Bad news seems easy to come by. Inspirational news feed, not so plentiful. I just finished watching a lovely video series on conscious business (by Pedram Shojai). It’s about businesses that are making the world a better place and making a profit at the same time. These businesses care about the people who work for them (and compensate them well), the environment and making a sustainable living. It’s called a triple bottom line, a term I was unfamiliar with.
As a painter I wear a couple of hats (oh oh, you caught me in tired cliche mode). One is of creator, a fully engaging role on it’s own. But I can’t stop there, though I sometimes try. The other hat, slightly askew perhaps, is that of business person, a seller of my work. I have chosen to focus on selling my work online for a variety of reasons, one is to keep it affordable, but also to retain control over how little or how much I create, the size of pieces and direction of the work. Sales can seem like such a mysterious world to creatives.
In the effort to “market” my work I recently watched an awesome video from business coach, Rebecca Tracey of The Uncaged Life who’s honest and slightly renegade style I loved. After watching it I realized I don’t really know who my potential clients are and what motivates them to buy original abstract art. Kind of a humbling realization. Especially when Rebecca wisely let us know that if you don’t know who your potential client is and what problem you are helping them solve, you are unlikely to know what to do next.
So I thought I would reach out to you dear reader, as some of you have in fact purchased my work. If you have bought original, abstract art, would you be willing to tell me WHY? If you’ve purchased it from someone in particular, (not necessarily me) what motivated you to buy from that particular artist? And if you don’t buy original art, would you be willing to share the reasons why. All of it would be a lovely conversation to have.
I know some of you are fellow artists and once I have gathered this information I will happily share it with you if you’re interested. Just let me know.
And while this may feel a little distant from the dharma of daily life that I usually share with you, I assure you it isn’t. I think we are all finding our way or as Ram Das says “we are all just walking each other home.” Making a conscious living, doing what we love while benefiting others is in fact the essence of the dharma. Not only do we do no harm (one of the first precepts), but we bring joy to the world in some way. I feel like together, dear reader, we are part of this conscious community that has set out to live a life that contributes to solutions rather than problems.

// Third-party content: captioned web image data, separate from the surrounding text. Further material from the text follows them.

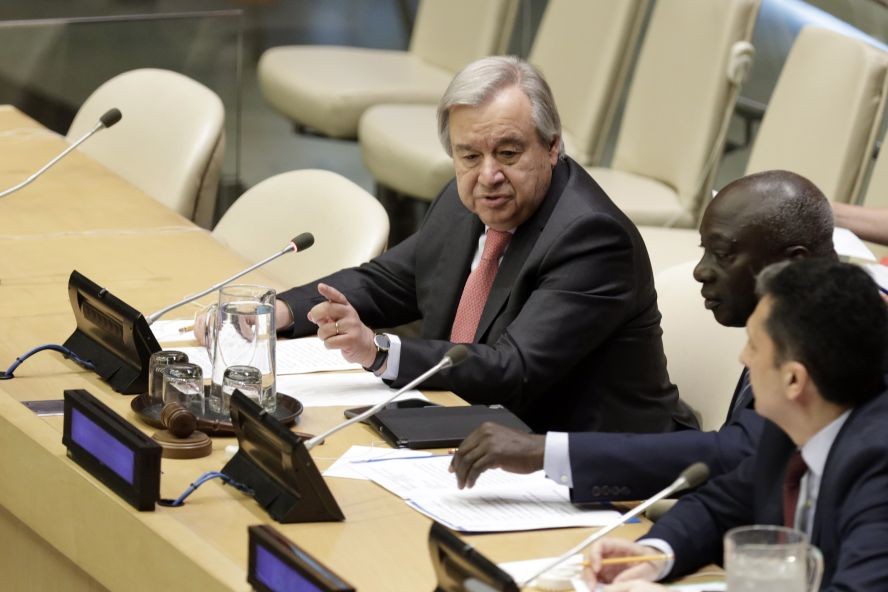 6月18日，在位於紐約的聯合國總部，聯合國秘書長古特雷斯（左）發表講話。（圖源：新華社）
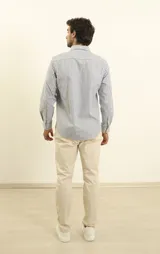 Camisa sport de manga larga con cuello buttondown, confeccionada en algodón tipo Oxford con rayas.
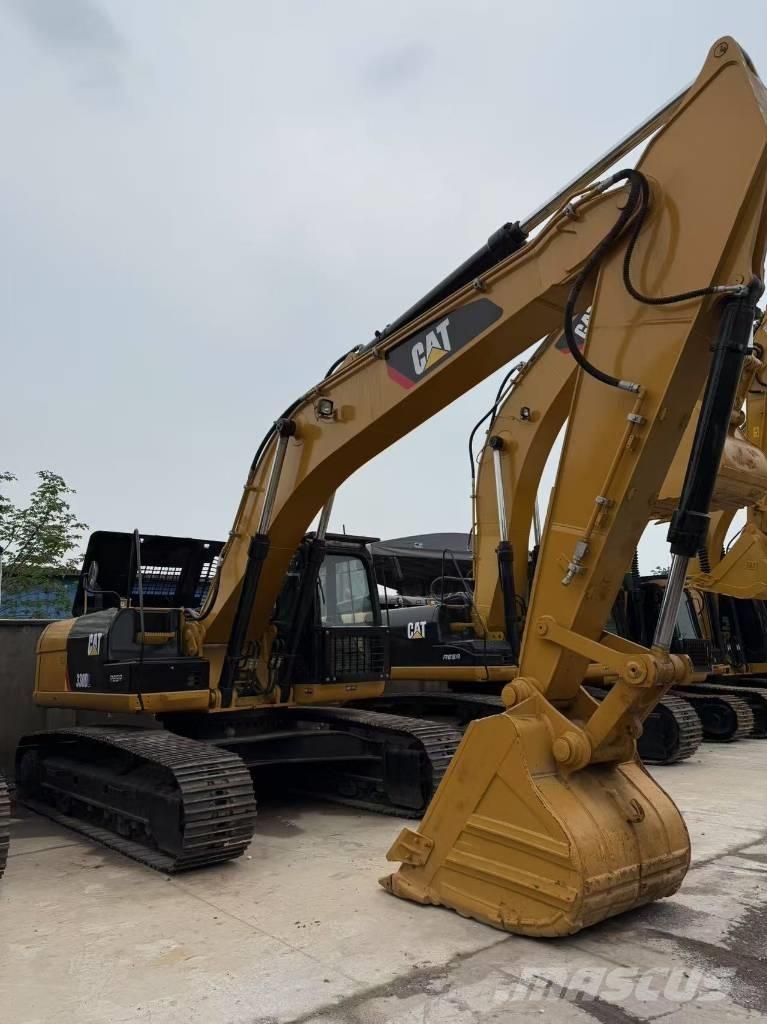 CAT 330 D2 Excavatoare pe șenile
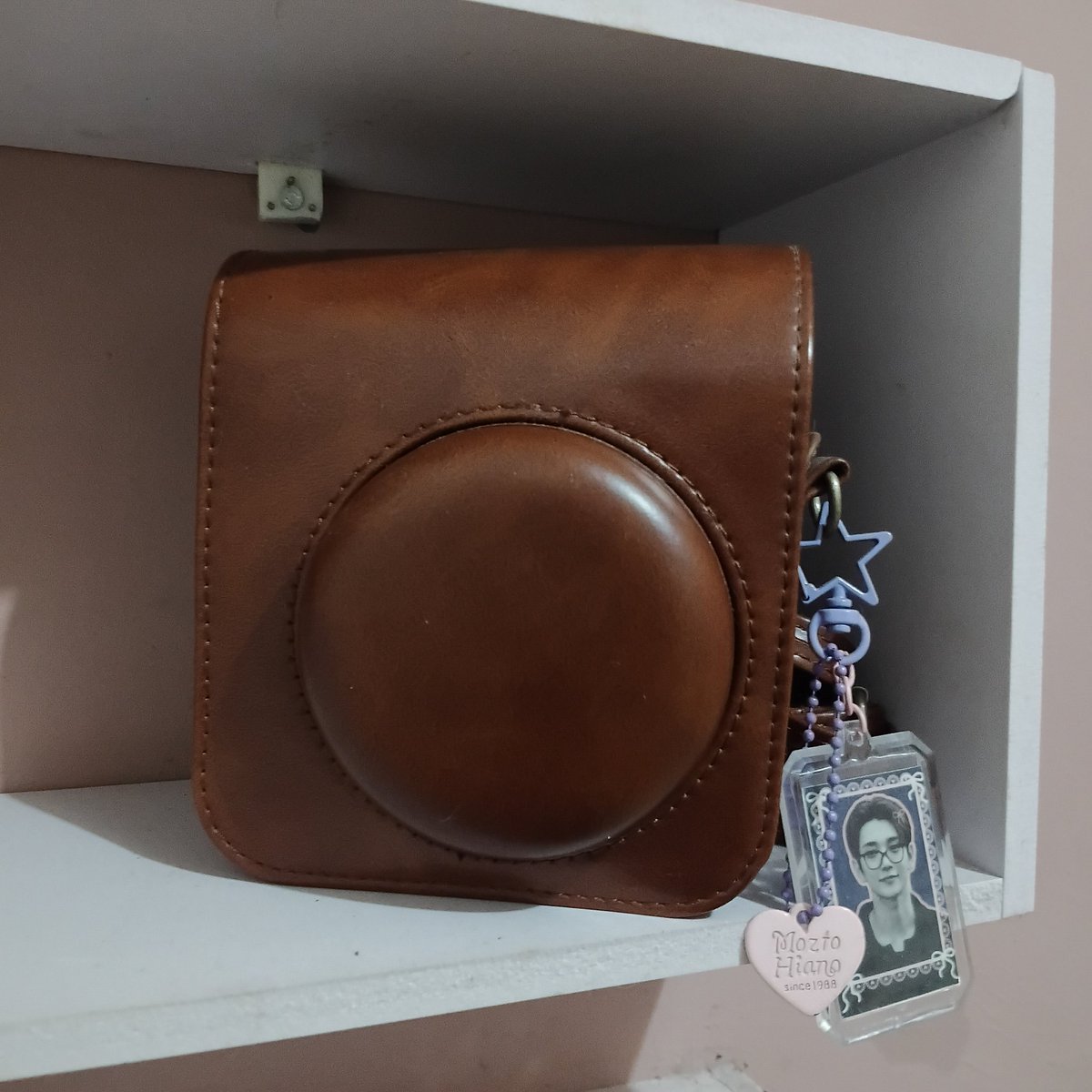nelwsletter's tweet photo. @wirfesteria Aku kakkk, instax mini 12 yang pink. Free bag 1 dan clear cover nya 1 yaa, minus box ajaa. Aku jual 750k udh inc adm oyen https://t.co/wPOh1O8ynx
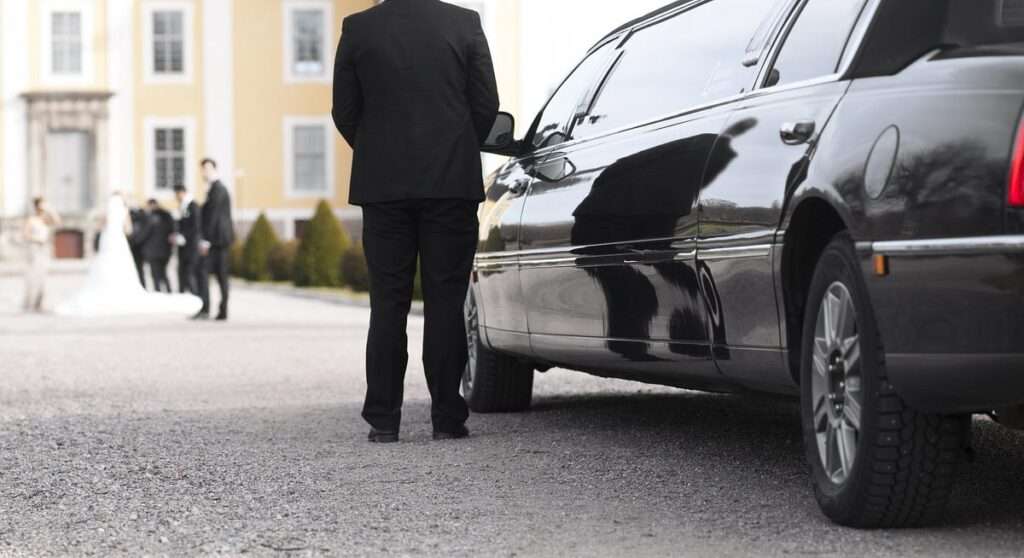 Best Limo Service Near Me for Prom Nights and Special Events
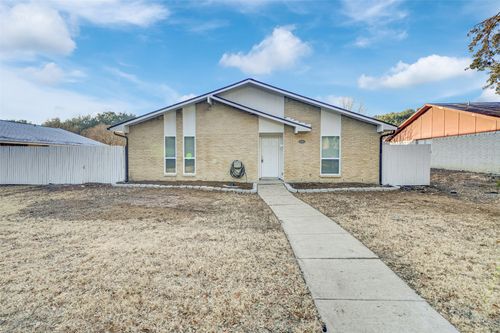 1204 Whitehall Dr, Plano, TX, 75023-6743 | Card Image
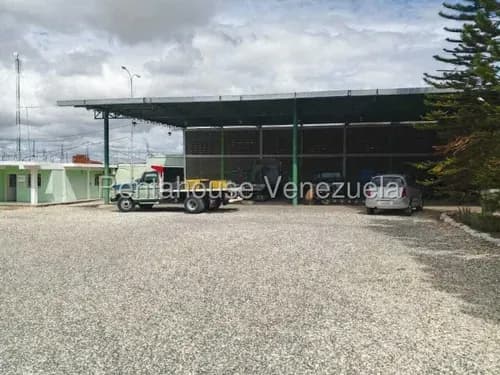 Daniela Linarez Vende Excelente Lote De Terreno Con 3 Bombeos, Tanque Australiano 160.000 L, Laguna Con Corrales, Área Techada, 6 Invernaderos, 2 Galpones, Casa Con 2 Habitaciones, 2 Baños, Quíbor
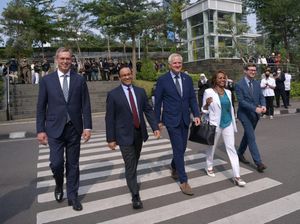 Anies-Pimpinan Bank Investasi Eropa Catwalk di Spot Citayam Fashion Week Anies-Pimpinan Bank Investasi Eropa Catwalk di Spot Citayam Fashion Week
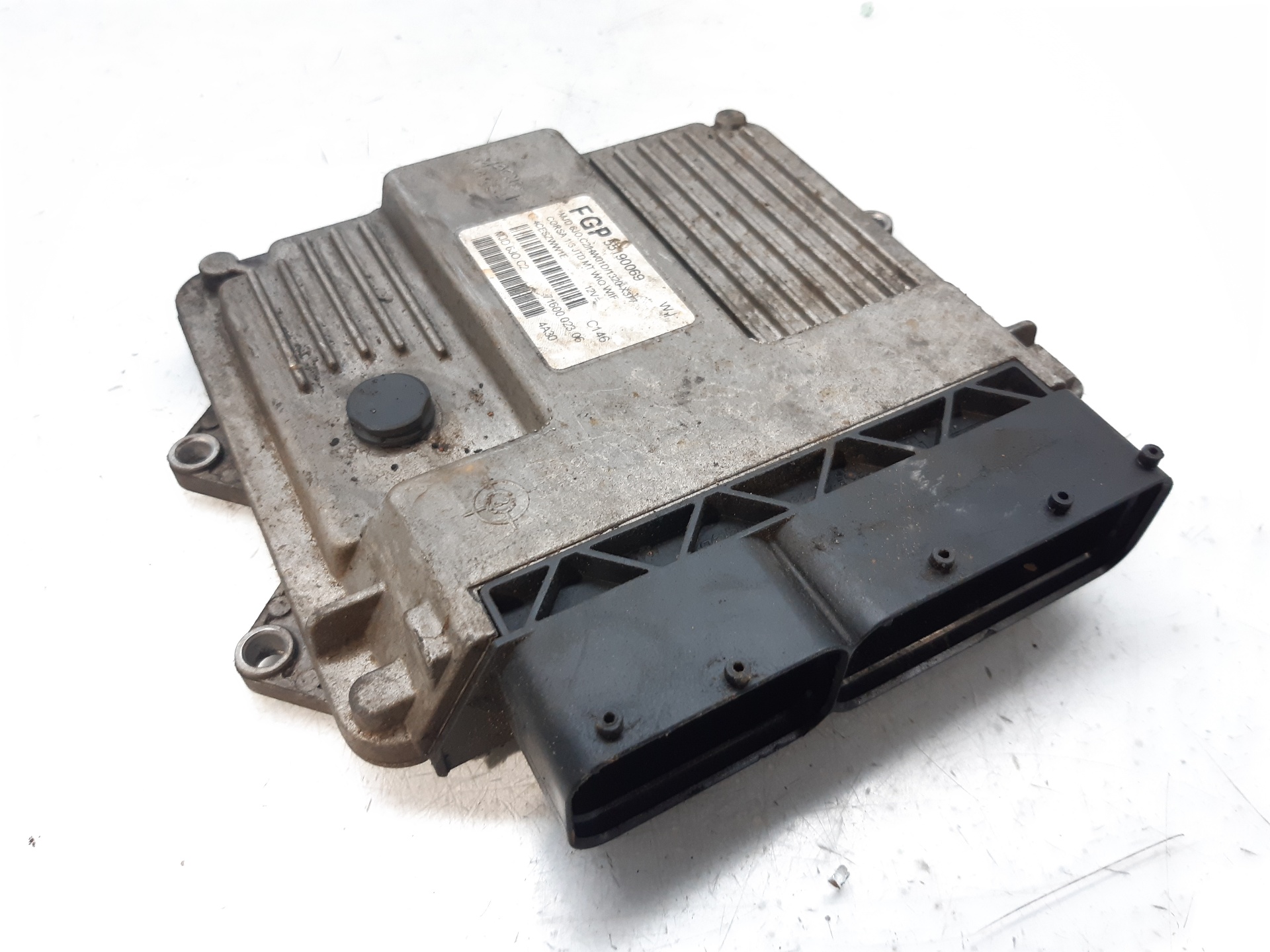 OPEL Corsa C (2000-2006) Moottorin ohjausyksikkö ECU 55190069 22300747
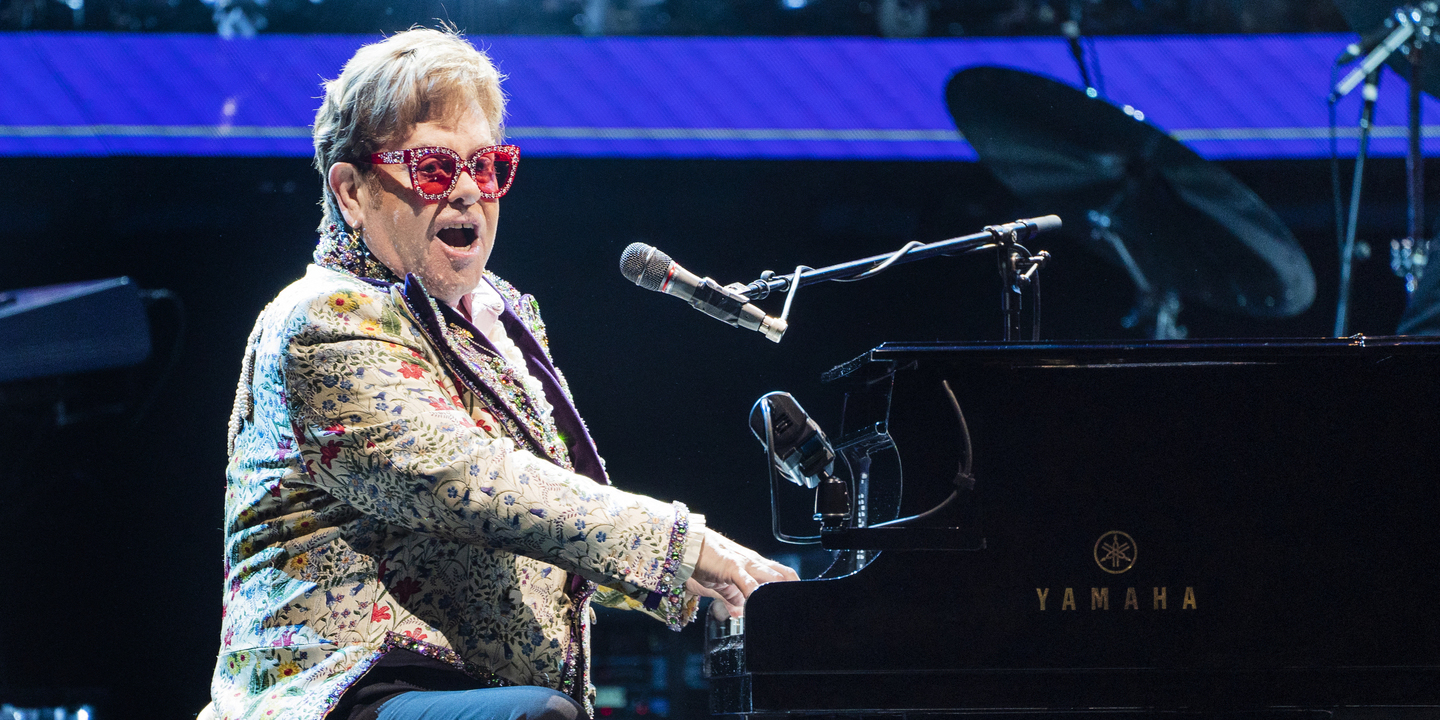 Elton John dá o último concerto no Reino Unido: “Nunca vos vou esquecer”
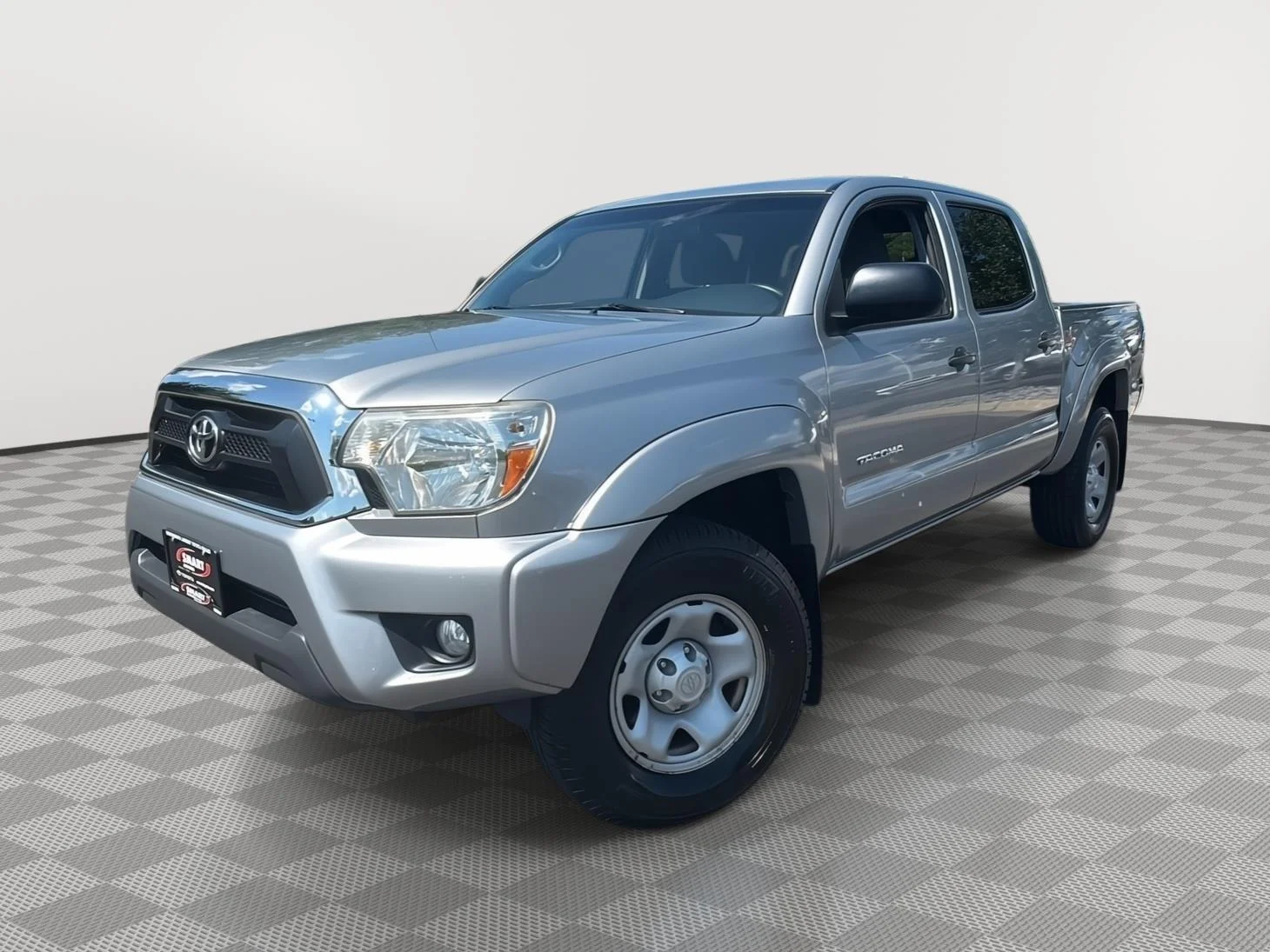 Used 2014 Silver Sky Metallic Toyota  image 1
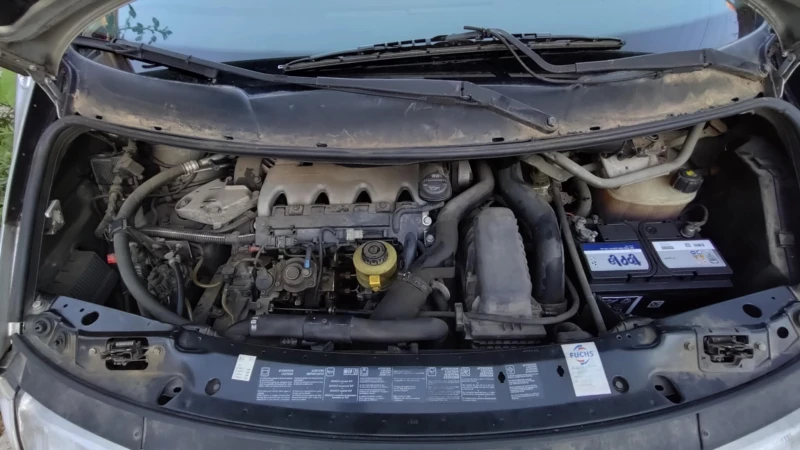 Renault Espace, снимка 11 - Автомобили и джипове - 52587712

In one of the videos I watched recently, author and pro-activist Lynne Twist said we are simply the hospice workers to an old dying system and mid-wives of a new one (this is part of the turmoil we’re seeing in our world that unsettles us). What a lovely gentle way to see what’s happening in this world. We are winding our way through a tangle of old ways of seeing and doing, moving toward a new, more conscious, inclusive world where the dollar is not the bottom line for how people and businesses behave.
Please share your thoughts with me in the comments, if you feel so inclined. Happy crisp days of fall!